Bruegel’s relation to Bosch forms the subject of Chapter Four, as in recent studies by Matthijs Ilsink and Margaret Sullivan. This affinity contradicts the inclination to see Bruegel somehow relating to Renaissance Italy (though various links have been proposed, including even here in the following chapter). Müller correctly rejects close association, often asserted, between the undated Triumph of Death and both Dulle Griet (now 1563 after restoration) and The Fall of the Rebel Angels (1562), and he detaches the inexorable brutality of Death from what he calls the un-Boschian comic or ironic effects of “Hell as Folly” (p. 118). He connects some objects around the Rebel Angels with the period’s interest in collecting for cabinets of curiosities; he also notes an earthly emphasis on exaggerated fertility.
Grisailles (the subject of a 2016 Courtauld exhibition) are studied in isolation in Chapter FIve, complemented with the drawing, The Calumny of Apelles, 1565, here interpreted as a personal response to attack by a classically-oriented artist and poet, Lucas de Heere. Müller’s evocation of the paragone between sculpture and painting seems misguided, however, because these narrative scenes do not simulate statuary as they narrate with staged movement. But he does cite further classical sources for ancient models, like the Calumny subject itself. Curiously, this analysis focuses more on form and art theory than on the religious message of tolerance in Christ and the Adulteress or the emphatically Catholic (cf. Walter Melion) Death of the Virgin. Nor does he relate the Three Soldiers (1568) to the contemporary outbreak of the Dutch Revolt, choosing instead to relate figure poses to classical sculpture models.
“Peasant Bruegel” dominates the following three chapters: first, peasant feasting at weddings or kermis celebrations; then the “Months” series (1565) of peasant labor on the land; and finally snow subjects, including religious scenes situated in wintry Flemish villages (also the subject of another excellent 2018 monograph on Bruegel, edited by Tina Luk Meganck and Sabine van Sprang). At the outset Müller notes the mingling of death with pleasure as well as the strangely ambiguous gallows perspective in Magpie on the Gallows (1568). He notes that the portrait in the Peasant Wedding Feast is not Bruegel himself, but his friend Hans Franckert, mentioned in Carel van Mander’s biography and represented on a medal by Jacques Jonghelinck. But Müller’s vision of the peasants is negative; he also sees the barn as a licentious location, marked by vice, a kind of negative allusion to the Feast of Cana, against the grain of recent, positive interpretations. Here, as well as in the Months series, he anticipates a Last Judgment (cf. also the dissertation by Bertram Kaschek, 2012). His biblical events in contemporary, snowy villages point to eternal recurrence, mingling past with future as well as the Habsburg present. Astonishingly, Müller then interprets the Winter Landscape with Skaters and Bird Trap (1565) as another critique of the “ministerial Church” (p. 221)
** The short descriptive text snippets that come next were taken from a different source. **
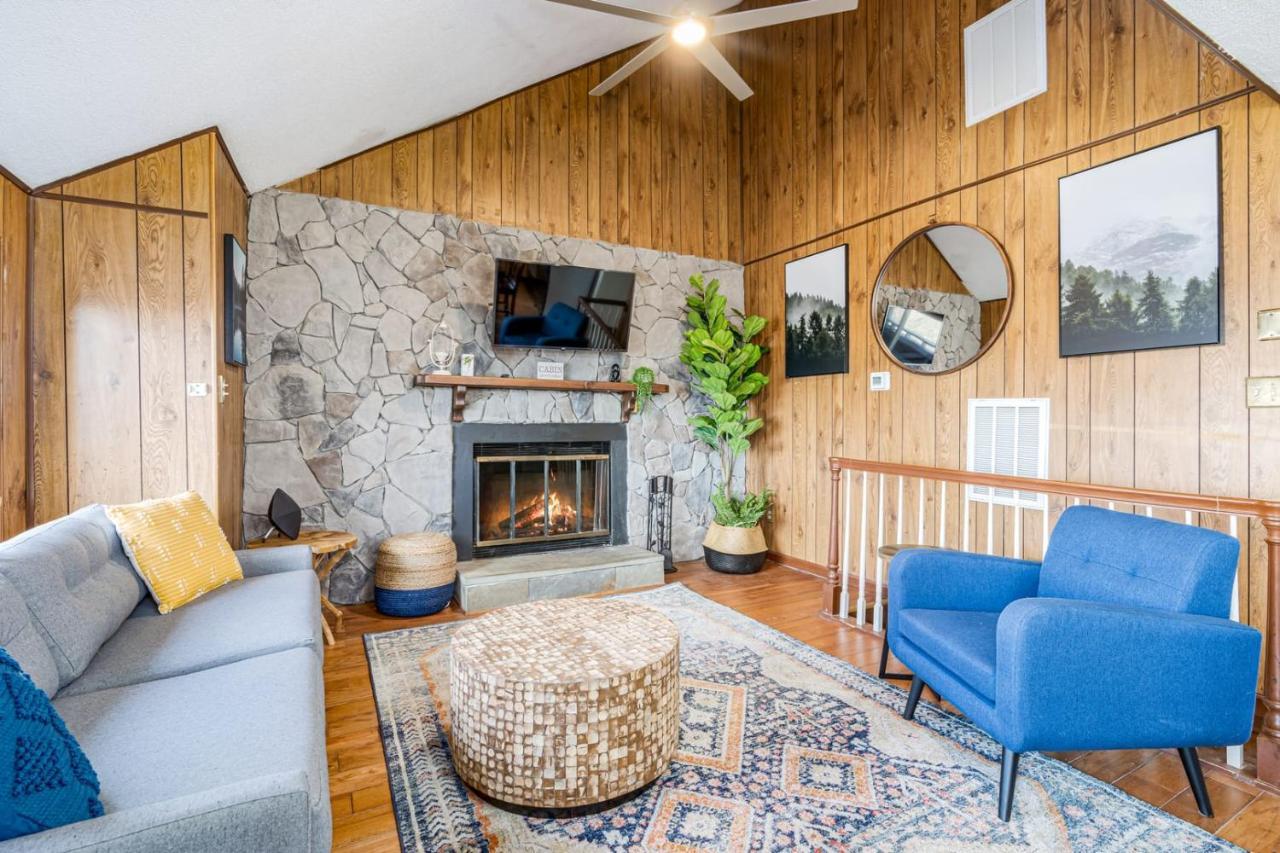Amazing Views, Hot Tub, Fire Pit, Deck & Fireplace Inwood ภายนอก รูปภาพ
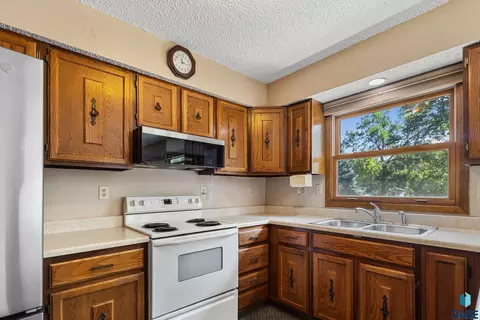 Kitchen - 908 Union Ave N, Madison, SD 57042 photo 1 of 2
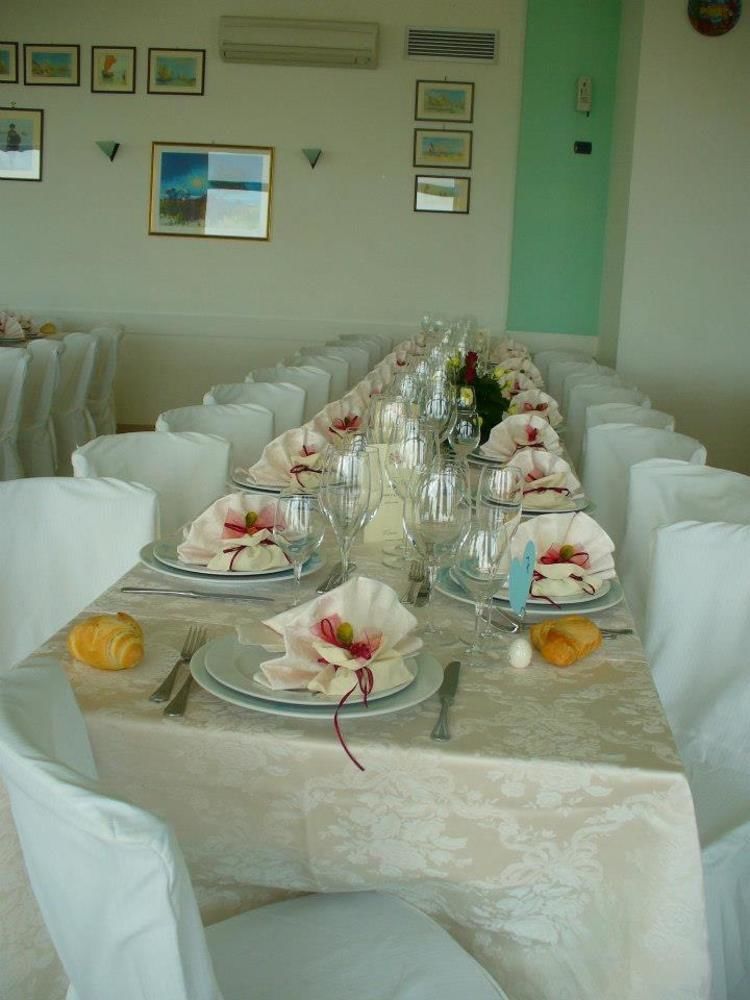 Hotel Ristorante Il Grillo 阿夸维瓦皮切纳 外观 照片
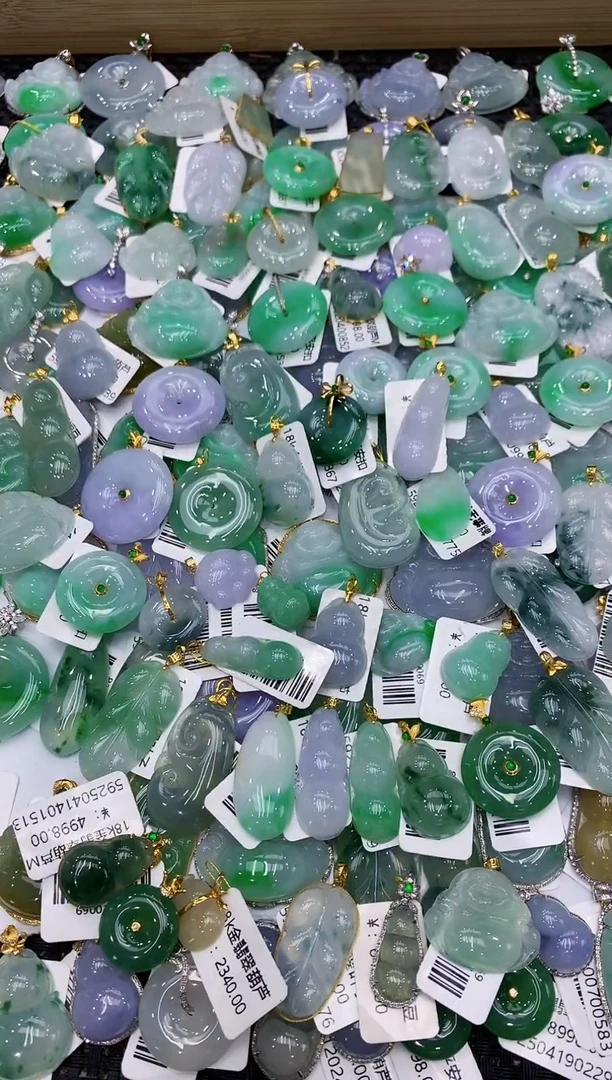 翡翠18K金镶嵌颈饰一物一证，9米证书费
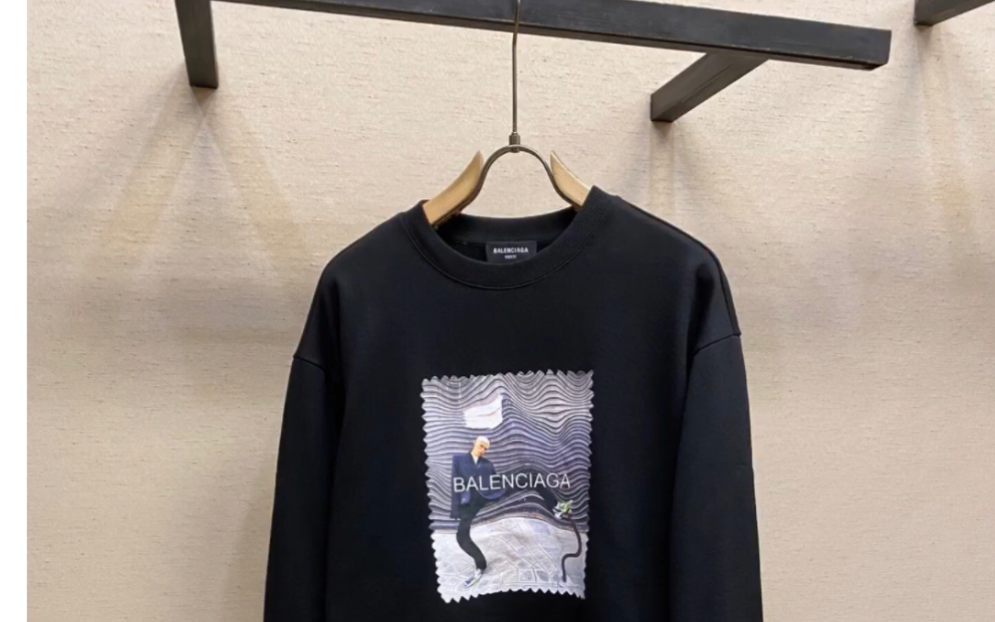 balenciaga巴黎世家高仿23ss人像印花图案圆领套头卫衣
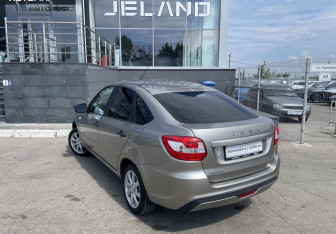 Подержанный автомобиль LADA (ВАЗ) Granta Hatchback 2021 года (7 фото)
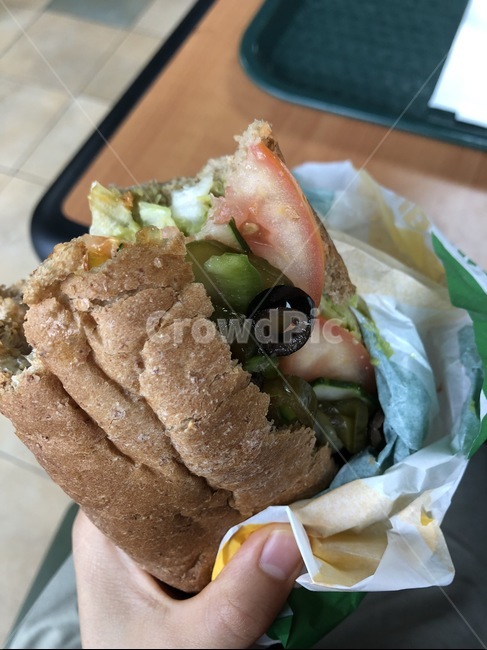 샌드위치,빵,올리브,토마토,오이,채소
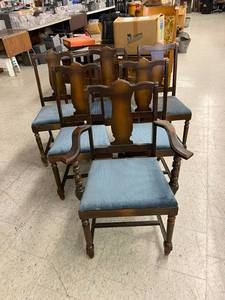 lot 93 image: 6 Chairs
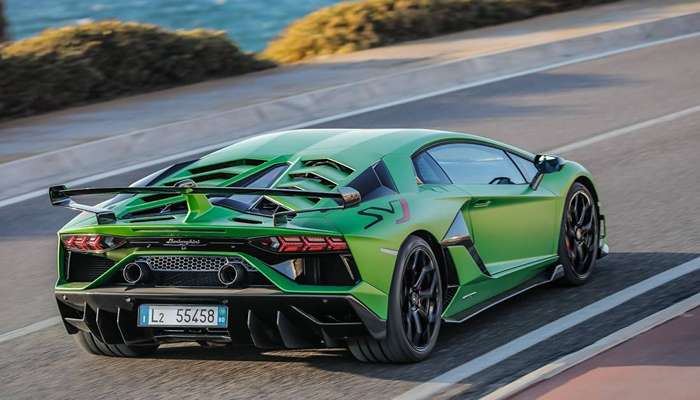 لامبورگینی اونتادور (Aventador)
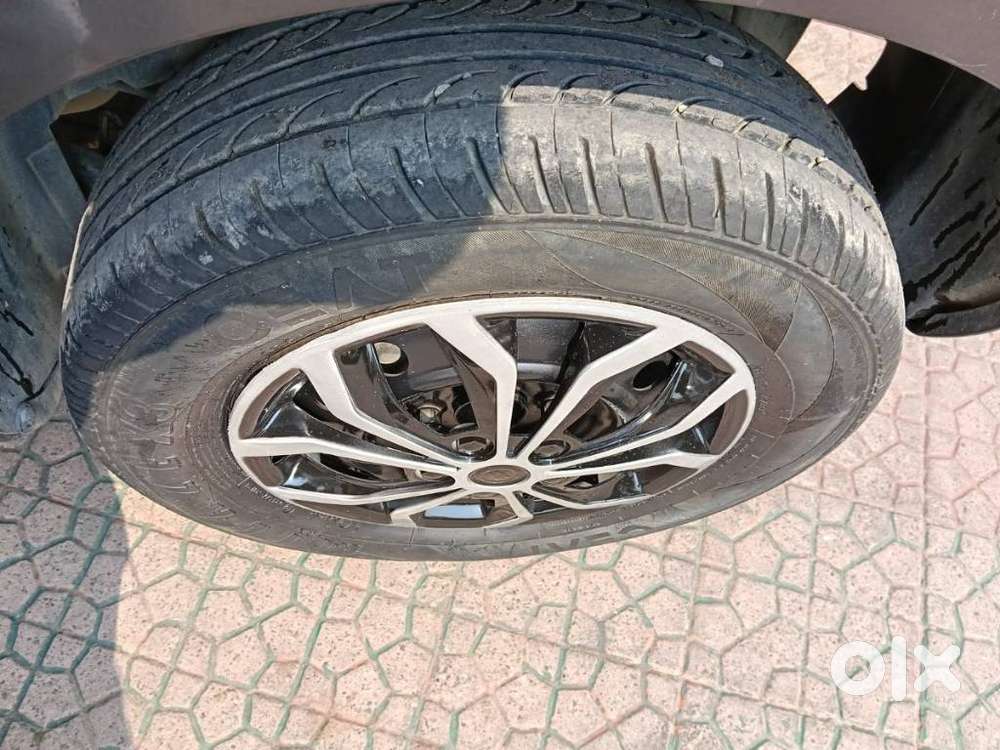 Maruti Suzuki Swift Vxi + Manual, 2017, Petrol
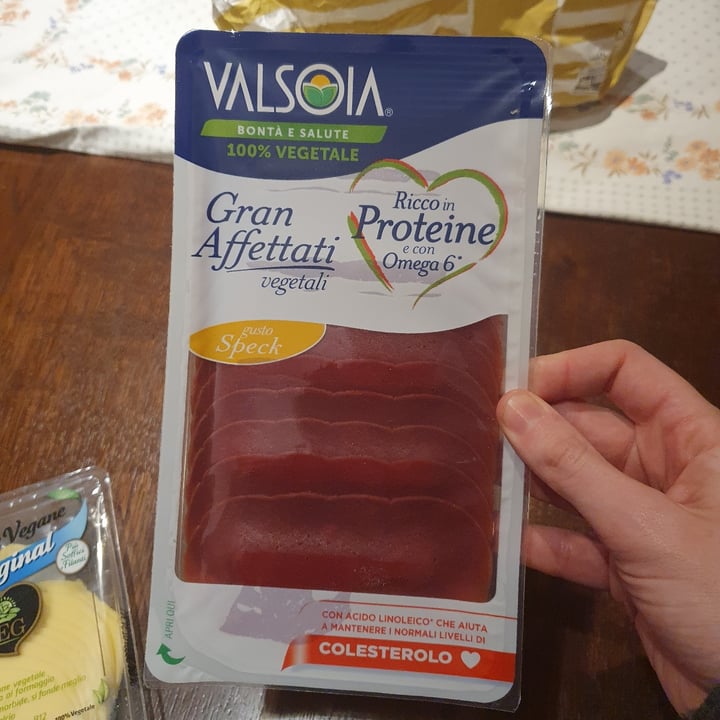 photo of Valsoia Gran Affettati Vegetali Gusto Bresaola shared by @letireds on  22 Dec 2021 - review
The final chapter finds an “aesthetic of subversion,” particularly in imagery of heretics (Beekeepers, ca. 1568; Nestrobber, 1568) according to Franck’s positive view of heresy, and amid deceptive appearances of a “deluding world” (Misanthrope, 1568) across the late works. It is Church orthodoxy that leads the blind in The Blind Leading the Blind (1568), and Bruegel’s canvas is to be seen more as a warning, akin to captioned Dürer’s Four Holy Men (1526).
So often with Bruegel, one sees what one looks for, so each of us must determine whether the images (often ambiguous or laconic, even with or despite captions) justify such readings, but Müller always poses fresh outlooks and is ever-attentive to details. As he even declares, “When Bruegel structures a composition’s meaning in significant allusions, he hands an active role to the observer in deciphering it” (p. 221). But throughout he emphasizes how Bruegel engages in reversal and manipulation, a “Silenian aesthetic” (i.e. Erasmian, pp. 36, 272), but one also informed consistently (?) by Sebastian Franck. Let the viewer beware.